Os assessores do presidente Luiz Inácio Lula da Silva avaliam que o secretário de Estado dos Estados Unidos, Marco Rubio, estaria atuando para fortalecer a direita na América Latina e, consequentemente, dificultar o caminho para uma possível reeleição de Lula. A avaliação ganhou força depois da divulgação de um vídeo oficial do governo americano que fala sobre o chamado “domínio nas Américas”.
As informações foram divulgadas pelo colunista Valdo Cruz, do g1 e da GloboNews. Segundo a análise apresentada, o vídeo faz referência à Doutrina Monroe, antiga política dos Estados Unidos para o continente americano, e reforça a ideia de que a influência norte-americana na região não deve ser colocada em dúvida.
O material também menciona ações recentes e intervenções envolvendo países da América Latina, entre elas a operação contra o governo de Nicolás Maduro, na Venezuela. Para integrantes do governo brasileiro, a mensagem transmitida pelo vídeo não seria apenas uma declaração sobre política externa. Ela representaria uma mudança mais clara na forma como os Estados Unidos pretendem atuar na América Latina nos próximos anos.
Dentro do Palácio do Planalto, a leitura é de que Marco Rubio e o governo de Donald Trump estão buscando ampliar a presença política dos Estados Unidos no continente. E, nesse cenário, o Brasil aparece como um dos principais focos de atenção.
A equipe de Lula interpreta essa movimentação como uma espécie de “diplomacia de quintal”, expressão usada para definir uma política em que determinada potência considera uma região próxima como área de sua influência direta. O Brasil teria um papel importante nessa disputa por ser a maior economia da América do Sul e também um país com grande peso político e diplomático.
Outro ponto que chama atenção do governo brasileiro é a presença cada vez maior da China na região. Na avaliação de aliados de Lula, os Estados Unidos enxergam os chineses como o principal concorrente estratégico na América Latina. Por isso, aumentar a influência sobre governos sul-americanos seria também uma forma de tentar conter o avanço econômico e político de Pequim.
Nesse ambiente de disputa internacional, Rubio e Trump vêm demonstrando aproximação com setores conservadores e candidaturas de direita em diferentes países. Um dos exemplos mais conhecidos é o presidente argentino Javier Milei, que mantém uma relação próxima com o governo americano e defende uma agenda econômica e política bastante alinhada à direita.
Para os interlocutores de Lula, esse movimento não acontece por acaso.

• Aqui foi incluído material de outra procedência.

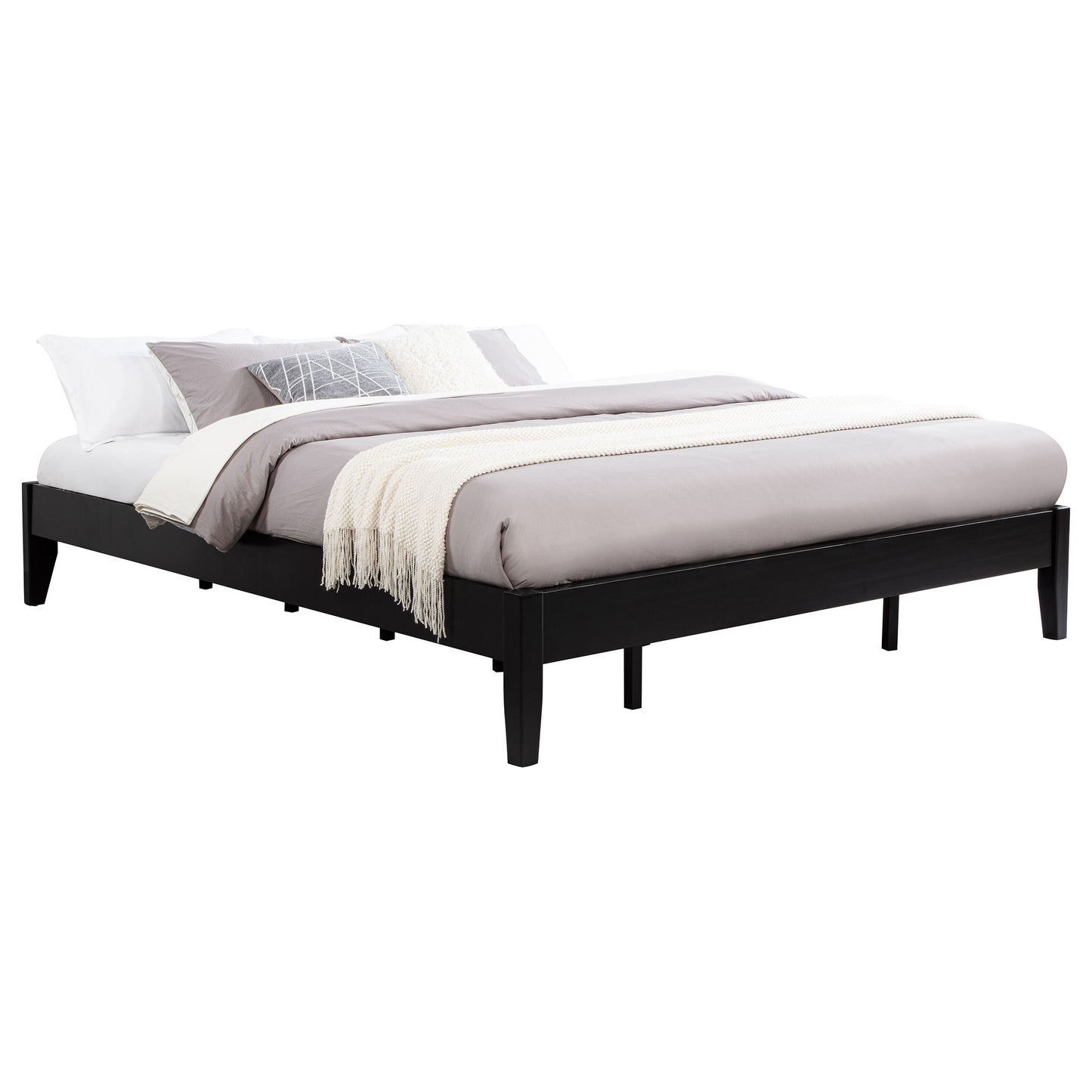 Black Eastern King Platform Bed - No Box Spring Needed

A avaliação dentro do governo é de que Washington estaria tentando ampliar o número de governos ideologicamente próximos aos Estados Unidos na América Latina. O objetivo seria formar uma rede de aliados capaz de aumentar a influência norte-americana nas decisões políticas e econômicas da região.
É justamente nesse ponto que surge a preocupação com o Brasil. Segundo pessoas próximas ao presidente, faltaria o país para completar esse projeto de aproximação com governos de direita mais alinhados aos interesses de Washington.
A proximidade de Marco Rubio com integrantes da família Bolsonaro também é observada com atenção pelo grupo político de Lula. Para os aliados do presidente, os contatos e sinais de aproximação indicariam que os Estados Unidos podem ter interesse em fortalecer setores conservadores brasileiros durante o processo eleitoral.
Ainda não está claro, porém, até onde essa estratégia poderá avançar ou qual será o impacto real sobre a política brasileira. O cenário eleitoral de 2026 continua sujeito a mudanças, enquanto Lula e seus aliados acompanham de perto os movimentos de Washington.
A disputa, portanto, não envolve apenas eleições. Por trás dela existe também uma briga maior por influência política, econômica e diplomática na América Latina. E o Brasil, pelo tamanho e importância que possui no continente, aparece no centro desse jogo de interesses.